* _RECORDED INFORMATION_
● ● ● ●
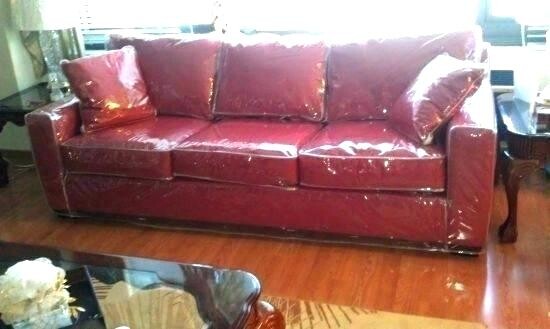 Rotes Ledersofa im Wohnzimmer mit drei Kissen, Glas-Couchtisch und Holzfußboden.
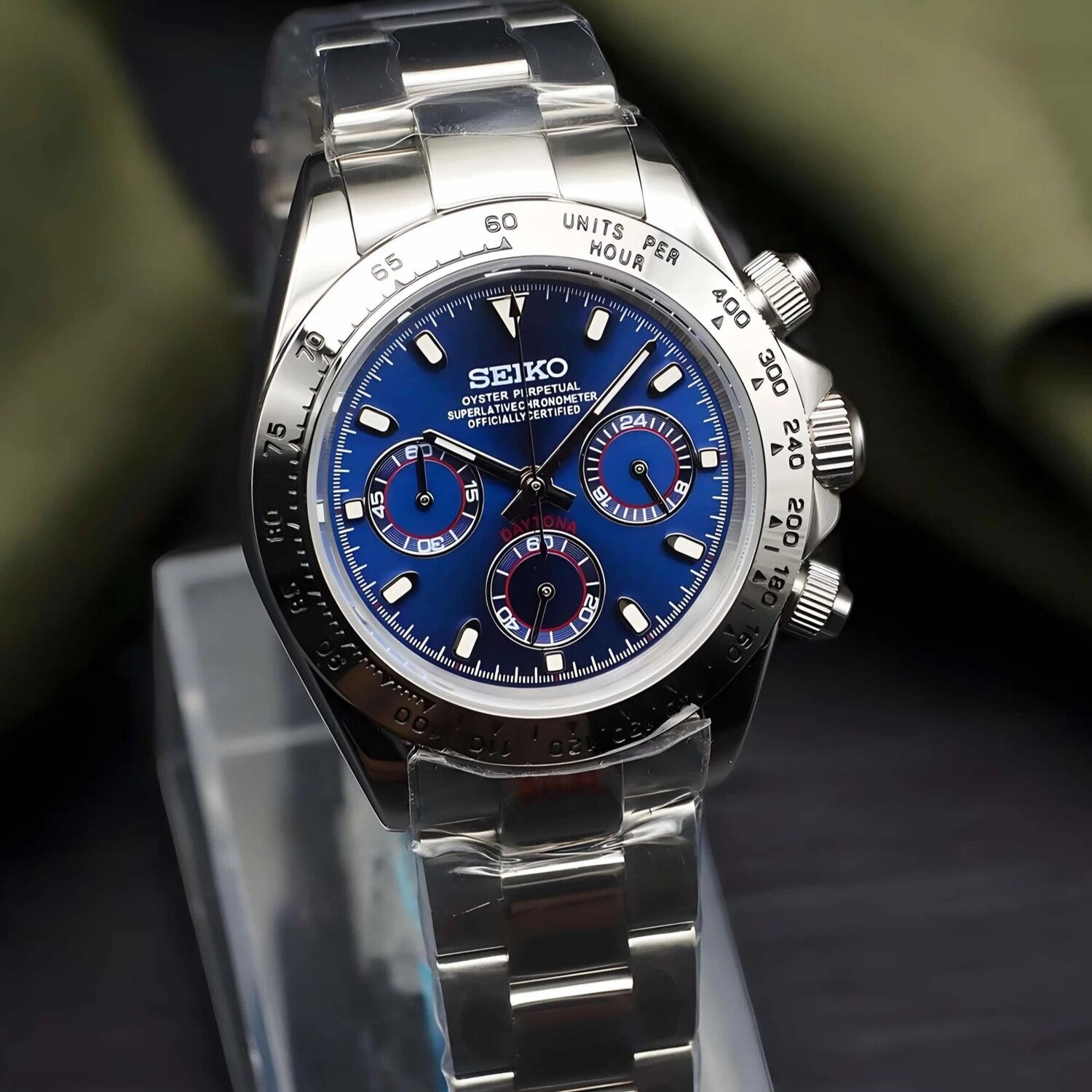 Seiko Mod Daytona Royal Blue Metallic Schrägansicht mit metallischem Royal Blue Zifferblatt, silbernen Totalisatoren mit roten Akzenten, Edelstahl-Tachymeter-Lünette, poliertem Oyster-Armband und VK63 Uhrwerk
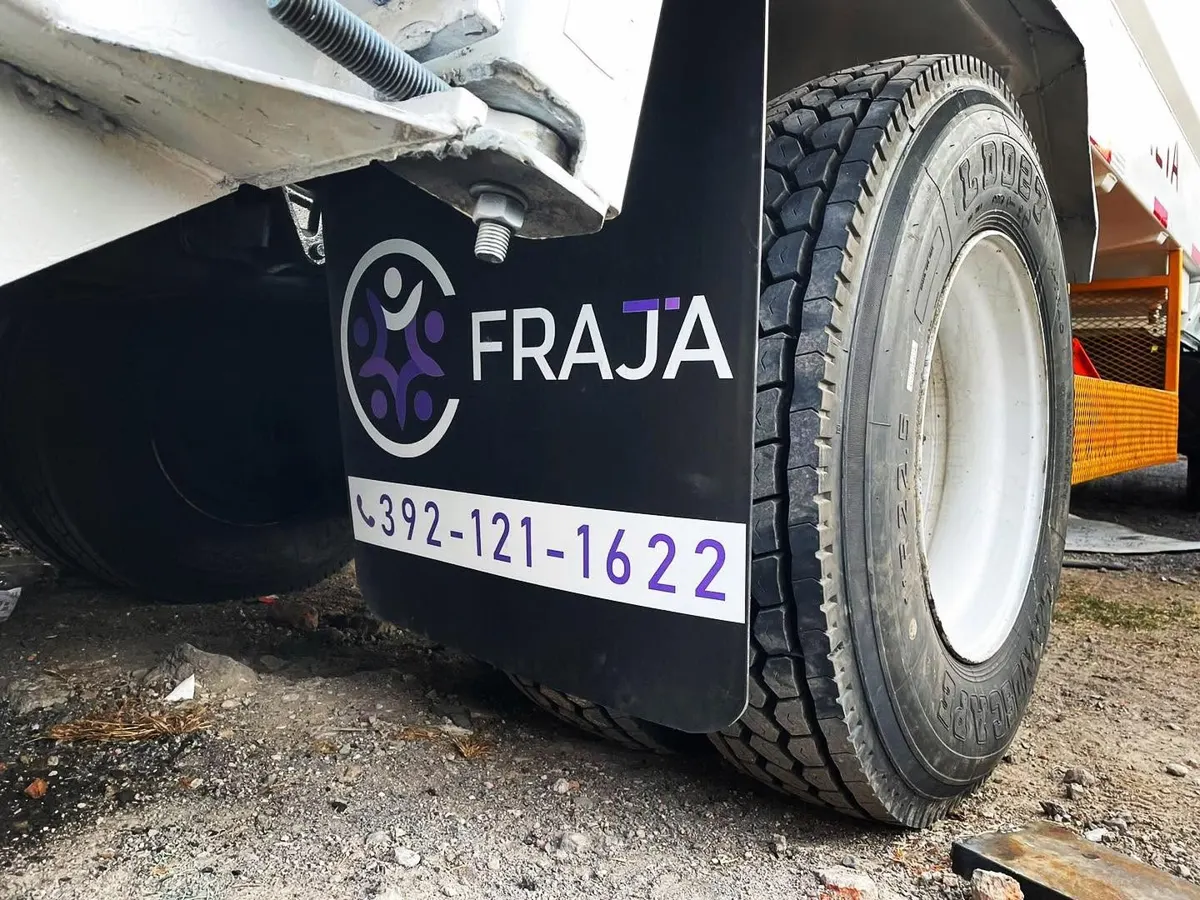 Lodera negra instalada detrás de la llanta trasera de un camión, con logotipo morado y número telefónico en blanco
● ● ● ●
Repeat every line above exactly, minus the pictures.

* _RESULT OF THE EXERCISE_
 Rotes Ledersofa im Wohnzimmer mit drei Kissen, Glas-Couchtisch und Holzfußboden.
 Seiko Mod Daytona Royal Blue Metallic Schrägansicht mit metallischem Royal Blue Zifferblatt, silbernen Totalisatoren mit roten Akzenten, Edelstahl-Tachymeter-Lünette, poliertem Oyster-Armband und VK63 Uhrwerk
 Lodera negra instalada detrás de la llanta trasera de un camión, con logotipo morado y número telefónico en blanco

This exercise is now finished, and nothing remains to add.